The Bayern Munich boss sat down with the Mail on Sunday to discuss his past, present and future.

“The reason why I was not the Manchester United manager (after Sir Alex Ferguson in 2013) was because I had spoken before with Real Madrid. And that was the only reason.

“Of course, Manchester United is a fantastic team and everyone wants to be a manager of Manchester United. But I already spoke with Real Madrid.”

Ancelotti was also first choice to replace Conte as Italy CT in 2014, but is still enjoying his club career.

“They ask me in Italy to come back for the national team. Usually I stay in one club for two years, like at Chelsea; in Paris, one year and a half; two years in Madrid.

“I would like to stay here a little bit more, a bit longer and then after that I have to choose England or Italy.”

Does that mean Ancelotti might one day consider coaching the England team?

“But (Gareth) Southgate… After that… Why not? But later. You ask me now. And before there is Italian national team.”

Today Conte’s Chelsea take on Jose Mourinho’s Manchester United in the Premier League.

“Conte was my captain at Juventus. He was so professional and I think he is the same as a manager. I don't know him really well as a manager, but I know his character and his personality and he is really focused on his job and I'm sure in the end he's going to do a good job at Chelsea.

“Can he be a success there? I think it depends what is the goal of the club. If the goal of the club is to win the Premier League, it will be difficult.

“But if the goal of the club is to build a new group, to build a new idea of football, to build a new strategy, I think that Conte has a lot of opportunity to do well at this club.

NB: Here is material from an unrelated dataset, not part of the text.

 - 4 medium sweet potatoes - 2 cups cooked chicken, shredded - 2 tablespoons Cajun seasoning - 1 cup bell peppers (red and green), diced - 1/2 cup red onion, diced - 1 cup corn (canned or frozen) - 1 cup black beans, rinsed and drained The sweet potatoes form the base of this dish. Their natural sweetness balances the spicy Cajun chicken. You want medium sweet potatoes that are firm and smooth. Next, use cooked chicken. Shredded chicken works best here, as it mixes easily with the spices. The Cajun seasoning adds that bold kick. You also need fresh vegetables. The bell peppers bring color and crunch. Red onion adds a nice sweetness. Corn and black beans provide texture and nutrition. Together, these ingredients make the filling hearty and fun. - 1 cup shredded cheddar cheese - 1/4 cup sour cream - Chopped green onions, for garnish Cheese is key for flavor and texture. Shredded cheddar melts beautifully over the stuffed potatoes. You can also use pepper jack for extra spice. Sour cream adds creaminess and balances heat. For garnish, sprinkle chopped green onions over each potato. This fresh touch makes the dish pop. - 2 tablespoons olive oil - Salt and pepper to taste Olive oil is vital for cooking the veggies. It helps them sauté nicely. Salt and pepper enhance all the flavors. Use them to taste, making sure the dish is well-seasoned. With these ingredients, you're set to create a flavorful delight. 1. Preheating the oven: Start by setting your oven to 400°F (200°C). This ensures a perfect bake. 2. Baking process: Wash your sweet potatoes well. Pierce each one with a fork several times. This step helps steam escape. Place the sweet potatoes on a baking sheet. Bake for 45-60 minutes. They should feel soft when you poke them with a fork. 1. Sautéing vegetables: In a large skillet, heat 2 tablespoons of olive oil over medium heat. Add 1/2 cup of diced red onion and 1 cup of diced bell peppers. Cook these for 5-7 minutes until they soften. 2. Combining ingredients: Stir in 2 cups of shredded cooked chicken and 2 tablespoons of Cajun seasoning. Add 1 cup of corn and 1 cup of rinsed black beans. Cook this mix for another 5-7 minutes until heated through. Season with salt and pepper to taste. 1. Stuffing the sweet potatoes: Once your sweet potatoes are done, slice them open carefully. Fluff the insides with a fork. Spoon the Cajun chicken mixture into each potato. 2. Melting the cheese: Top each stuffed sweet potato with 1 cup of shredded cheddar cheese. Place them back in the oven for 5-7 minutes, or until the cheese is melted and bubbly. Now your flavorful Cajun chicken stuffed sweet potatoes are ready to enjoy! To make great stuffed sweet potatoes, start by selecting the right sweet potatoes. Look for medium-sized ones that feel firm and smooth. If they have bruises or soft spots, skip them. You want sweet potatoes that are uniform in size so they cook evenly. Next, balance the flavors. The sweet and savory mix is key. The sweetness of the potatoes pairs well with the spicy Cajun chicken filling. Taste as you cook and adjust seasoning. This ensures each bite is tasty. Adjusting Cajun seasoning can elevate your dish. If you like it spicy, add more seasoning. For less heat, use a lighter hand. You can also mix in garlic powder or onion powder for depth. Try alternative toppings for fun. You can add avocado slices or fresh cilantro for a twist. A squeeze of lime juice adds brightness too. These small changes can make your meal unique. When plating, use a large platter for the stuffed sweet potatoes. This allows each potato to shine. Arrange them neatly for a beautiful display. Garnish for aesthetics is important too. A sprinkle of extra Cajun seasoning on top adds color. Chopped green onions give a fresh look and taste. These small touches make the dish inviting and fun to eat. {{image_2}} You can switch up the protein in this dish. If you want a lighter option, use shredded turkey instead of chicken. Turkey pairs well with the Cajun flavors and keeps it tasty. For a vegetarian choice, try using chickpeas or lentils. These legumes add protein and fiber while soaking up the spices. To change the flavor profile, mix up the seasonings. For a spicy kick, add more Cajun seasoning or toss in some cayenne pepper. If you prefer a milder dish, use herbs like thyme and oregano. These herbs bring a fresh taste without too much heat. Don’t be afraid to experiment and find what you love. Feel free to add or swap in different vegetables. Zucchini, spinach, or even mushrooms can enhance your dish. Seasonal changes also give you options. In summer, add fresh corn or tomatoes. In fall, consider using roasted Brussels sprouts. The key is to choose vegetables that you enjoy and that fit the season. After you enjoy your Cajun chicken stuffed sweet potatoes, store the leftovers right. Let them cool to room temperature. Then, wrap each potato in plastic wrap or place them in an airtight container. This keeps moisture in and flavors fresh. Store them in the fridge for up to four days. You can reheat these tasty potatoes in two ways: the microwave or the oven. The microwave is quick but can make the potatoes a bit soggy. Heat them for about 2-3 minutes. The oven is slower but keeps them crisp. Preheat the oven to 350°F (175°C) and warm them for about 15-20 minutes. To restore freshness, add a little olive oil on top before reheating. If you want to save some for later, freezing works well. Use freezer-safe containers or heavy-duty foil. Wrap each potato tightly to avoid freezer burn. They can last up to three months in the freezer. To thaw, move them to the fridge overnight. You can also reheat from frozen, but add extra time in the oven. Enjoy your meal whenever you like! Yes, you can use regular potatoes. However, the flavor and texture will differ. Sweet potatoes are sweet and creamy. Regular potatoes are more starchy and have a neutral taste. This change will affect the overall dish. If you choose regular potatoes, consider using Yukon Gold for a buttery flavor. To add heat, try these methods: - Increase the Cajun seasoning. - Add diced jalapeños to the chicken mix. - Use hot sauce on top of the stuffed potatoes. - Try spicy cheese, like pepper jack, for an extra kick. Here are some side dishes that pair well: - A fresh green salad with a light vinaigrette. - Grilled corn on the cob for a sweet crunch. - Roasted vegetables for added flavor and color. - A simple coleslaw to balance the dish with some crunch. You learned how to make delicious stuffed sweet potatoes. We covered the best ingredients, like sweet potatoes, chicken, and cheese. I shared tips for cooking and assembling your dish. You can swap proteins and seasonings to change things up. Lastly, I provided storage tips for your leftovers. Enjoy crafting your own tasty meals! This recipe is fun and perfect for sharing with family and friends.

“Every manager needs time. But I don't think we have a lot of time.”

Ancelotti also spoke to the official Bayern Munich magazine about his time at Milan, when he bizarrely still lived in Parma and took an unusual approach to commuting.

“In 2004 I got a pilot’s licence. By car that journey would’ve taken me two hours, so I got the helicopter and it was only 40 minutes.

“It’s not easy to fly a helicopter. You must be able to evaluate your own capabilities very carefully, but it is a safe mode of transport.

“Since I left Italy, I haven’t flown any more. You have to renew your licence every six months and I never did.”

Milan’s training ground already has a helipad, as President Silvio Berlusconi is wont to arrive that way for team visits.